Despite the tight economy, a number of small online grocers are reporting increased sales. Parr started Inland Marine in August 2008 with $5,000 and now pulls in about $50,000 a month. In St. Paul, Minn., Gopher Grocery posted a 116% jump in sales over the year-ago quarter, while Greenling, in Austin, Tex., expects to do $2.5 million in business this year, a 30% jump from 2008. All attribute their good fortune to targeting a specific niche and shifting consumer attitudes.
Size isn't necessarily an indicator of success in this market, says Ken Cassar of Nielsen Online, a consumer researcher, citing the rather spectacular failure of Webvan, a Foster City (Calif.) online grocery that overextended itself in the late 1990s. He estimates there are 250 online grocers nationwide, most of them small players. They're benefiting from an interest in locally produced food and from consumers trying to save money by cooking rather than eating out. Moreover, "going to the grocery store is a time-consuming process, and people are trying to work as many hours as they can," Cassar says. "A $10 delivery charge seems fair in return for the time they save."

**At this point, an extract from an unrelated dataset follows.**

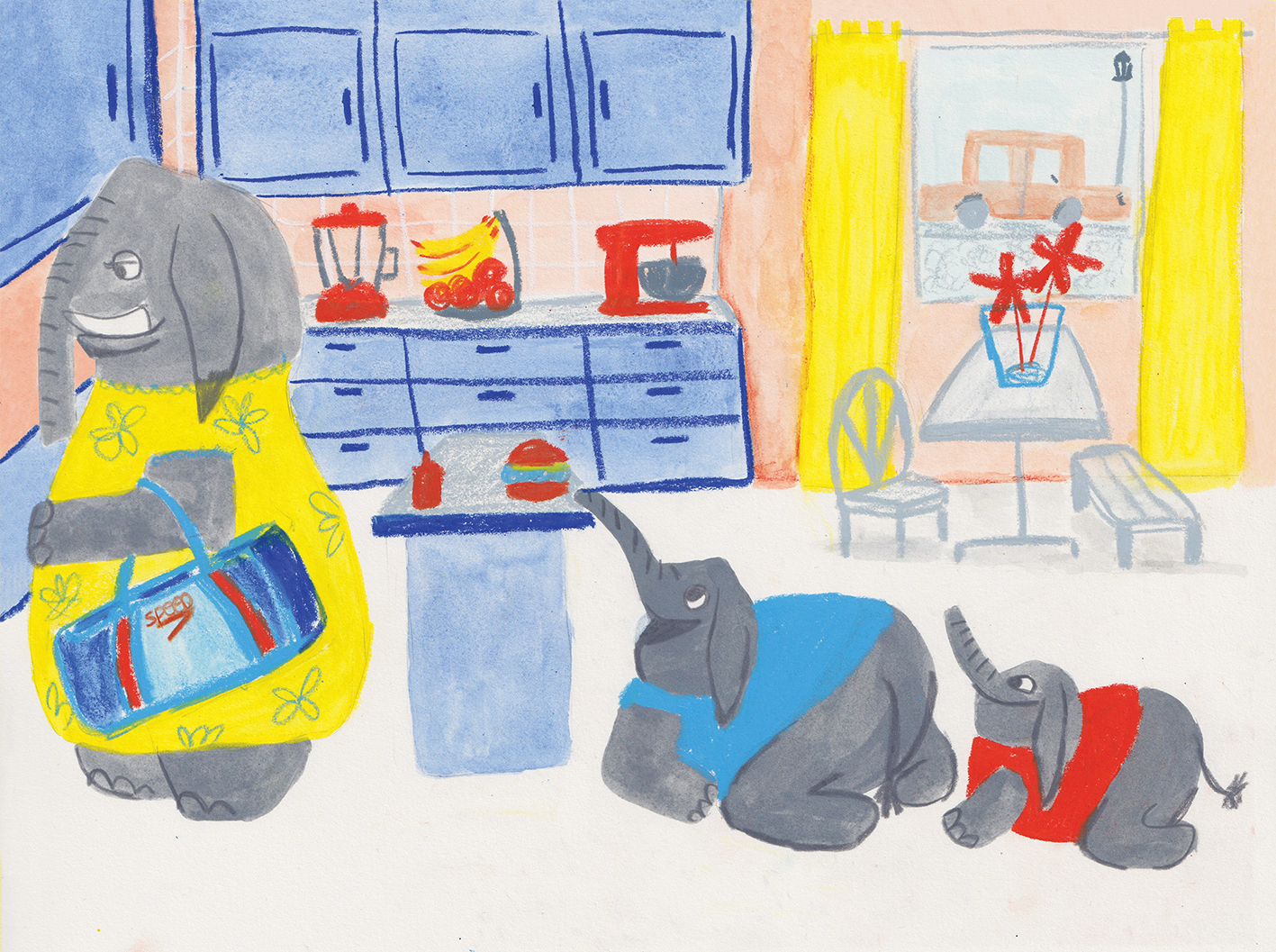 Artwork from “Being an Elephant is Great!”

In Minnesota, Gopher Grocery's president, William Orkin, attributes his 18-employee company's boost in sales in part to gas prices. "When you drive to the grocery store 100 times a year, it adds up," he says. Online shopping also nips the temptation of impulse buying, he adds.
But more than anything, Orkin says, customers' attitudes have changed: "This isn't a food-shopping revolution—it's an evolution in the way people shop for groceries." Customers have become comfortable filling online carts rather than physical ones. And delivery isn't viewed as a luxury or premium service, Orkin says. Customers like options such as the "quick reorder," where staples are based on prior shipments. Katie Hammond, a Gopher Grocery customer in Minneapolis, says the convenience and the prices, which are cheaper than her local supermarket, keep her coming back. "I can shop day or night; I don't have to lug groceries up the stairs; it saves me time; and they deliver for just $2," she says.
Greenling's specialty is locally produced organic food, which has won the 20-employee company some 2,000 customers. "The produce we deliver was in the ground no more than 36 hours before," says Mason Arnold, Greenling's president. "But we're not for everyone." The company makes deliveries to each neighborhood only once a week, which doesn't work for all shoppers. But it cuts gas costs by 90%, which means Greenling doesn't have to charge for deliveries. And the grocery doesn't stock anything but food—it's up to the customer to go elsewhere for sundries such as toilet paper and toothpaste. Overall, business is thriving, Arnold says: "The good news for [Greenling] is that even in a recession, people still have to eat."